Besides research studies have proved it is in the economic interest of these corporations to make sure their employees remain in good health, in particular through the funding of antiretroviral drugs for their AIDS-infected workers and families [[see The Social-Economic Impact of AIDS and Investment in the Antiretroviral Medical Care of a Private Company in Abidjan, Ivory Coast, by S.P.Eholi, E.Bissagnégné, A.Gaumon, J.Mambo, J.Guiza, A.Kakou, A.Kadio, Department of Infectious Diseases, Treichville Hospital, Ivorian Electrical Company, a report presented at the international AIDS conference in Barcelona in July 2002]].
In the developing countries which are the hardest-hit by this epidemic, workers represent an important proportion of the people living with HIV/AIDS. The International Labor Organization(ILO) estimates that 20 million infected people are workers, that is half of the people living with HIV/AIDS in the world.

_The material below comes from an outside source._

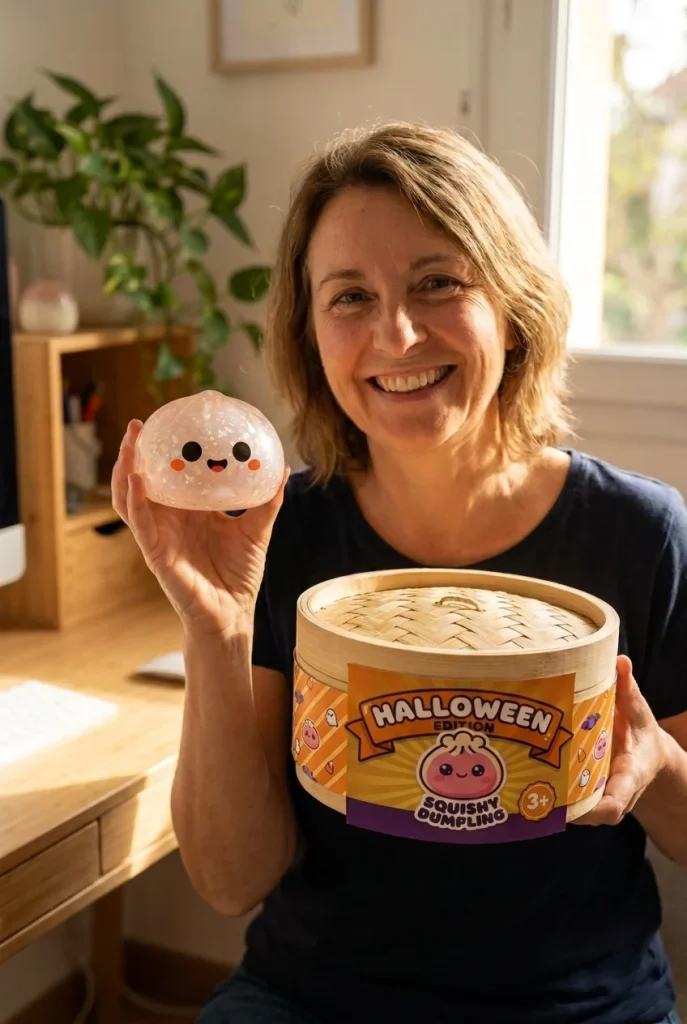 Ghost Halloween Glitter Dumpling Squishy with its box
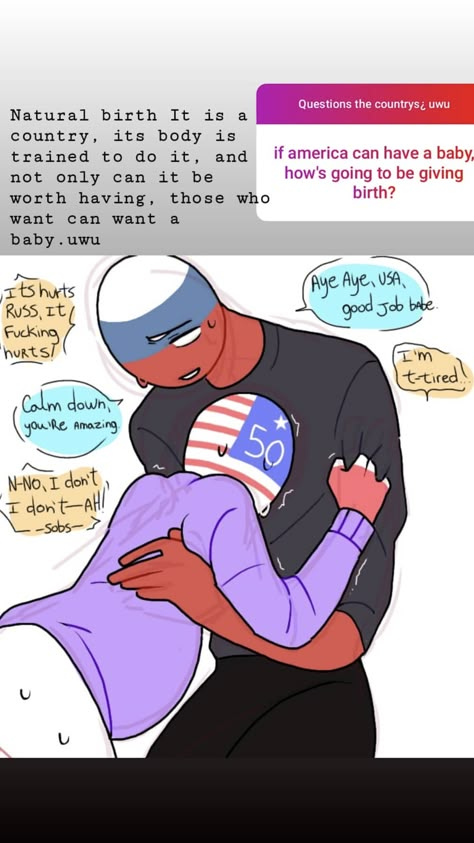 Russian X America Countryhumans, Russian Empire X America Countryhumans, Country Humans Russia X America, Omegaverse Mpreg Birth, Usa X Russia Countryhumans, America X Russia Countryhumans, Russia X America Countryhumans, Countryhuman Comic, Mpreg Birth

And these people do not have the financial means to have access to antiretroviral treatments.
At a time when the international community is paying more attention to the pandemic and when political officials in developed and developing countries are stepping up their political commitment to fight AIDS, multinational corporations continue to announce new initiatives against this world scourge. However, most of these corporations which are located in developing countries still ignore the fundamental right of their infected employees and their families to have access to affordable life-sustaining treatments and care.
Last August, under union and activist pressure, the mining companies Anglo American, Anglo Gold and De Beers, accepted to cover the medical care of their workers, including antiretroviral treatment.
As for Coca-Cola, it is one of the multinational corporations making the largest profits from the African market, and yet it refuses to guarantee complete access to care and treatments for its entire workforce in Africa.
Our Demands
We demand that Coca-Cola as well as all multinational corporations doing business in developing countries :
-guarantee access to care and treatment for all their employees and their families living with HIV/AIDS
-provide free and anonymous access to testing for all their employees
-make condoms available in the workplaces and implement an information and education policy on safe sexual behavior and sex hygiene
-develop prevention and education programs in collaboration with the affected employees, union representatives and local community initiatives.
Coca-Cola shirks its responsibilities while making the maximum of profits on the African continent.
Yet this company could prevent people from getting infected and dying at little cost. Confronted with an unprecedented health crisis, Coca-Cola must make sure all its infected employees and their dependents can have access to appropriate treatments and care.